A DuckDB client for Elixir, providing a powerful Relation API for analytical queries.
Status: 🚀 Core Relation API implemented and tested - Ready for evaluation
DuckdbEx brings DuckDB's analytical power to Elixir with:
- Lazy Relation API: Composable, chainable query building inspired by Python's DuckDB API
- CLI-based Architecture: Uses DuckDB CLI via erlexec for maximum portability
- Idiomatic Elixir: Functional, pipe-friendly API with pattern matching
- Comprehensive Testing: TDD approach with 71 passing tests
- Python API Compatibility: Functions mirror the official Python API
# Add to mix.exs
def deps do
[
{:duckdb_ex, "~> 0.1.1"}
]
end💡 New! Check out the examples/ directory for 8 comprehensive, runnable examples:
mix run examples/00_quickstart.exs mix run examples/01_basic_queries.exs mix run examples/02_tables_and_data.exs # ... and more!
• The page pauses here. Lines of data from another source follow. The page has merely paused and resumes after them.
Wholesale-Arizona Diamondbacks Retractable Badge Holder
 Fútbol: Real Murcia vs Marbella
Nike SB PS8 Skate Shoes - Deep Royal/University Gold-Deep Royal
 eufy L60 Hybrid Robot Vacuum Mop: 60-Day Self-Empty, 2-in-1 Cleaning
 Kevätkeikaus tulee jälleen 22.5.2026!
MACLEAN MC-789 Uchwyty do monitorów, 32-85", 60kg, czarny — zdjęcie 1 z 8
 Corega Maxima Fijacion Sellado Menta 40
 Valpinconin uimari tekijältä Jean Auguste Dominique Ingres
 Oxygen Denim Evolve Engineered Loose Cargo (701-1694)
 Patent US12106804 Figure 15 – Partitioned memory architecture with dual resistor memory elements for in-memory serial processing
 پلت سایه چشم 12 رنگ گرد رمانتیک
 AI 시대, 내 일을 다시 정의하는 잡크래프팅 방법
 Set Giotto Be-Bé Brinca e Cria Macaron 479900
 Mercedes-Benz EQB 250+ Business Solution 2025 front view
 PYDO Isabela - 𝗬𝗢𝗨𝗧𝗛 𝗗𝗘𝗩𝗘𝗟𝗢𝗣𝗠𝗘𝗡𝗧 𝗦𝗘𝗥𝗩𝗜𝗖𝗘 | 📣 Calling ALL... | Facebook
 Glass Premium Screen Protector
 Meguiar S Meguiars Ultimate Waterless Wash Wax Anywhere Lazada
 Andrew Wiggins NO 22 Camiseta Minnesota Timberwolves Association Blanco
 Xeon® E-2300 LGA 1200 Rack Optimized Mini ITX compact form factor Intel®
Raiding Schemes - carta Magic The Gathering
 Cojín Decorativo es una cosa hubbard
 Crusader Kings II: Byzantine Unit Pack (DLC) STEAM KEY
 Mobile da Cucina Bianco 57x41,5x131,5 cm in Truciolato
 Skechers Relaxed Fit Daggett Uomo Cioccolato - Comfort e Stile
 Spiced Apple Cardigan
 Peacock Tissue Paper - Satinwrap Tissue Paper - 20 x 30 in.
# Connect to in-memory database
{:ok, conn} = DuckdbEx.Connection.connect(:memory)
# Or connect to a file
{:ok, conn} = DuckdbEx.Connection.connect("/path/to/database.duckdb")
# Execute SQL directly
{:ok, result} = DuckdbEx.Connection.execute(conn, "SELECT 42 as answer")
# Fetch all rows as maps
{:ok, rows} = DuckdbEx.Connection.fetch_all(conn, "SELECT * FROM users")
# => [%{"id" => 1, "name" => "Alice"}, ...]
# Fetch single row
{:ok, row} = DuckdbEx.Connection.fetch_one(conn, "SELECT * FROM users LIMIT 1")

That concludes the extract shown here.